Comparison of DNN, LR, k-NN, RF, and SVM: The figure compares the five ML techniques used in the study and illustrated as conceptual drawings with optimal parameters used in the study serving as examples. Red circles indicate acute kidney injury (AKI) patients, black circles indicate non-AKI patients, and grey circles indicate unclassified patients. At the top, is LR. Middle row from left to right is k-NN, RF, and SVM respectively. The bottom row illustrates a DNN where each patient (Pt#) data matrix containing various combinations of biomarkers and their respective levels (white: none, grey: low, black: high) are processed by hidden layers for classification as having AKI or no AKI.

Cross validation studies

Cross validation studies were also performed for LR, RF, k-NN, SVM, and DNN methods using the Scikit-learn cross validation grid search tool. This technique along with the grid search hyperparameter variations (noted above) enabled us to build and compare unique models to yield a total of 68,100 ML models within our five ML methods/algorithms and our unique categories. Using this approach, we were able to empirically assess and compare the performance of all these models which ultimately lead to identifying the best performing ML models with a unique set of hyperparameters within each ML method and feature set combinations. The mean accuracy for each set of these models were then analyzed.

Statistical analysis

JMP software (SAS Institute, Cary, NC) was used for statistical analysis. Describe statistics were calculated for patient demographics. The Shapiro-Wilkes test and histogram analysis were used to determine normality. Continuous normally distributed variables were compared using means (standard deviation [SD]) using the 2-sample t-test, while discrete variables were compared using the non-parametric Chi-square test. Non-parametric continuous data compared using medians (interquartile range [IQR]), when appropriate, were analyzed using the Mann-Whitney U test. Multivariate logistic regression was used to determine predictors of AKI with age and burn size serving as covariates. Repeated measures analysis of variance was used for time series data. A p-value < 0.05 was considered statistically significant with receiver operator characteristic (ROC) analysis also performed to compare AKI biomarker performance.

Results

Patient demographics and biomarker comparisons between study cohorts (A vs. B, AKI vs. non-AKI, and burned vs. non-burned groups) are shown in Table 1. Briefly, 50% of patients (25/50) in Cohort A experienced AKI within the first week of hospital stay as shown previously. Five patients experienced fluid overload manifested as compartment syndrome. Again, Cohort A served as the dataset for our training phase and initial validation testing. In contrast, in our Cohort B 21.6% (11/51) of the patients experienced AKI within the same timeframe. Eight patients experienced over-resuscitation presenting with compartment syndrome (n = 2), pulmonary edema (n = 2), or both compartment syndrome and pulmonary edema (n = 4). Leveraging both some population similarities and differences, Cohort B was used as our secondary testing dataset to assess the generalizability of the models generated from cohort A. The mean (standard deviation [SD]) time for patients to meet KDIGO AKI criteria was 42.7 (23.2) hours for Cohort A and 71.5 (39.5) hours for Cohort B.
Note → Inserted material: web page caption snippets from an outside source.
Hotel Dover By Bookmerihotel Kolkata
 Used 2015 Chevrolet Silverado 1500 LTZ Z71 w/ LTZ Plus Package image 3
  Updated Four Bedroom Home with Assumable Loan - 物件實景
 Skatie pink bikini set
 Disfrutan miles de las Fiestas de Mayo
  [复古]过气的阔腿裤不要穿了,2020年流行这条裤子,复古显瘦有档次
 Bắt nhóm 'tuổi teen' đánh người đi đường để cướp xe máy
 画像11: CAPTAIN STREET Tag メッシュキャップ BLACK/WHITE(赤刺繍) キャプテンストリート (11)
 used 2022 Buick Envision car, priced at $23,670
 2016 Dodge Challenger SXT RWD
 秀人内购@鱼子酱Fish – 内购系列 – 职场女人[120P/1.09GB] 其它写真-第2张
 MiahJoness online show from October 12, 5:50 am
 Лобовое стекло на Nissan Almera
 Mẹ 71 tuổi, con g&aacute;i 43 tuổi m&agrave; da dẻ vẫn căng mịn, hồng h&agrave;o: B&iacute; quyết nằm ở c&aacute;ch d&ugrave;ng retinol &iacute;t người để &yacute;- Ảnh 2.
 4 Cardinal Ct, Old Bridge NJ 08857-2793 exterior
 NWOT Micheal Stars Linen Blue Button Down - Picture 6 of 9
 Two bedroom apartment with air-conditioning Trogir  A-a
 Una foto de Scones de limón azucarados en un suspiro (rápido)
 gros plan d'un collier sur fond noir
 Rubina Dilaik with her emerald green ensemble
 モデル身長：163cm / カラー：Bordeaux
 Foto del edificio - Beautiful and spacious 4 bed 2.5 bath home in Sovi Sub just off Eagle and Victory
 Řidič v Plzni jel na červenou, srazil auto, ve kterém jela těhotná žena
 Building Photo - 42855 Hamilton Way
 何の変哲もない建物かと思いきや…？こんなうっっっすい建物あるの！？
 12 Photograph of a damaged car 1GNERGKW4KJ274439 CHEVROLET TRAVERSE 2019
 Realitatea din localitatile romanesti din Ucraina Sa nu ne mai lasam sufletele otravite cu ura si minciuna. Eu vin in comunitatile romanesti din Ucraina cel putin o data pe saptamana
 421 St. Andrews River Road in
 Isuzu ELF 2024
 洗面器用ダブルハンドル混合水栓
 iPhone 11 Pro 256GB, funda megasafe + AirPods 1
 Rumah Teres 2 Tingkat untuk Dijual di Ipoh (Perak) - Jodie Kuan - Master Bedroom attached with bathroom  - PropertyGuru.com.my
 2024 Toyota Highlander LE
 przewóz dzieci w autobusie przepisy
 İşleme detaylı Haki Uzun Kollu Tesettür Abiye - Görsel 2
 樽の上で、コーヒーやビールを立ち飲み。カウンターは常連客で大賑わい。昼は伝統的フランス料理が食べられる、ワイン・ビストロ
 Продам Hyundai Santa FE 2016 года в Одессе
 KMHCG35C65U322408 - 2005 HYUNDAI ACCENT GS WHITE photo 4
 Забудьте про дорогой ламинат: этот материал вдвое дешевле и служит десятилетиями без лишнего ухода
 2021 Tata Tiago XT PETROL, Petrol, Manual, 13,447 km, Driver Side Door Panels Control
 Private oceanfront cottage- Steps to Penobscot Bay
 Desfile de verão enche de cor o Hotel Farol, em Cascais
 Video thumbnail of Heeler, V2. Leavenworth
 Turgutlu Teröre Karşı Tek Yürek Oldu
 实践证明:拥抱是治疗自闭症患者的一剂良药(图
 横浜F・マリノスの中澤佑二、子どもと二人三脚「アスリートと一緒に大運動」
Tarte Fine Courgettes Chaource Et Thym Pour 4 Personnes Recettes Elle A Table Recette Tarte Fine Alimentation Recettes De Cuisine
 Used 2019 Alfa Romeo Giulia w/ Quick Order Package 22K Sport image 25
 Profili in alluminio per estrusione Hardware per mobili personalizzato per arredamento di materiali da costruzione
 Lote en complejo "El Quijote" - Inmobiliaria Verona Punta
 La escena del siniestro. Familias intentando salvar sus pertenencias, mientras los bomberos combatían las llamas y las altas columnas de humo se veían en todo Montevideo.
Table 1 Patient Demographics and Comparison of Biomarker Levels (Page 1 of 2).

Focusing on Cohort B, which was our “secondary test/generalizability” population, median (IQR) plasma creatinine (1.17 [1.52] vs. 0.83 [0.53], P < 0.001) and UOP (66.4 [79.3] vs. 86.5 [53.6] mL/hour, P = 0.023) statistically different between AKI versus non-AKI groups. Mean NT-proBNP was significantly higher in the AKI group (107.0 [53.3] vs. 60.4 [13.2] pg/mL, P = 0.016). NGAL served as an independent predictor of AKI (OR 2.7, 95% CI 0.8–4.5, P < 0.001) and concentrations were found to be significantly higher among the AKI patients (260.7 [163.8] vs. 89.6 [38.1] ng/mL, P = 0.006). However, there were no statistically significant differences between burned vs. non-burned AKI patients for mean plasma creatinine (2.15 [1.77] vs. 2.16 [1.58] mg/dL, P = 0.984), UOP (47.8 [41.2] vs. 66.1 [37.2] mL/hour, P = 0.422), and mean NT-proBNP (114.3 [23.6] vs. 137.3 [93.7] pg/mL, P = 0.551). The average time from admission to meeting KDIGO AKI criteria was significantly different between burned versus non-burned patients respectively (43.9 [15.3] vs. 82.7 [38.6], P = 0.029).

Comparing non-AKI patients with burn injury versus those without, mean NGAL concentrations were significantly higher among the non-burned population (109.9 [39.7] vs. 77.4 [32.1] ng/mL, P = 0.013), while mean NGAL levels between burned versus non-burned AKI patients were similar (300.4 [213.5] vs. 396.7 [393.7] ng/mL, P = 0.589). Sub-group analysis among Cohort A and B burn patients experiencing fluid overload complications (i.e., compartment syndrome and/or pulmonary edema) showed significantly high mean NT-proBNP levels (Cohort A [n = 5]: 78.2 [15.8] pg/mL vs. Cohort B [n = 8], 372.4 [10.7] pg/mL, P < 0.001).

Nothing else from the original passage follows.